◆ **EXERCISE DETAILS**:
Restate word for word the span that opens with the line containing "Cropped Half-Zip Hoodie" and closes with the final line of the data; give only those lines.

Crawled caption data:
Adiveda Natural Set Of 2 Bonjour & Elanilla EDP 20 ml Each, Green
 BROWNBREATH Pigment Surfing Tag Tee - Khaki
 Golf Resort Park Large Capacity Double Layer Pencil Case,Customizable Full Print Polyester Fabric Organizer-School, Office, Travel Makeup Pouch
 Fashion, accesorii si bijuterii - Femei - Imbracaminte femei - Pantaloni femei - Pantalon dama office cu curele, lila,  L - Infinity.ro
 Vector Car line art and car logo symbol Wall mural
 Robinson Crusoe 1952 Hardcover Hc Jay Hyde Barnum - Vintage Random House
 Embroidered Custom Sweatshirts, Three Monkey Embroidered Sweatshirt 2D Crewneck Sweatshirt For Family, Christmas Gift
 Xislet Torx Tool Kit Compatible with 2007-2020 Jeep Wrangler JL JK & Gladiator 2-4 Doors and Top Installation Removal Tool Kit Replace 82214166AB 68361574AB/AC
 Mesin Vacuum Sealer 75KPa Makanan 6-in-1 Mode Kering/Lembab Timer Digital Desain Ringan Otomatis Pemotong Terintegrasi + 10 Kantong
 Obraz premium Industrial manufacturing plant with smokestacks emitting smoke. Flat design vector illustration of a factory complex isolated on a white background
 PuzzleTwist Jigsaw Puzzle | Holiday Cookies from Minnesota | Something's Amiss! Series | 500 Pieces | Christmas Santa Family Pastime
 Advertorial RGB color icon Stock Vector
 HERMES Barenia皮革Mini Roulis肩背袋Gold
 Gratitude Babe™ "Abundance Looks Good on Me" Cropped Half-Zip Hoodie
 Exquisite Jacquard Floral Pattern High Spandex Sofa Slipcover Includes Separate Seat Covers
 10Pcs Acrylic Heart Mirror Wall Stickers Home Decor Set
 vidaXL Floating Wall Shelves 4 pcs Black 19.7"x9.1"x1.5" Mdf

◆ **SOLUTION FOR THIS EXERCISE**:
 Gratitude Babe™ "Abundance Looks Good on Me" Cropped Half-Zip Hoodie
 Exquisite Jacquard Floral Pattern High Spandex Sofa Slipcover Includes Separate Seat Covers
 10Pcs Acrylic Heart Mirror Wall Stickers Home Decor Set
 vidaXL Floating Wall Shelves 4 pcs Black 19.7"x9.1"x1.5" Mdf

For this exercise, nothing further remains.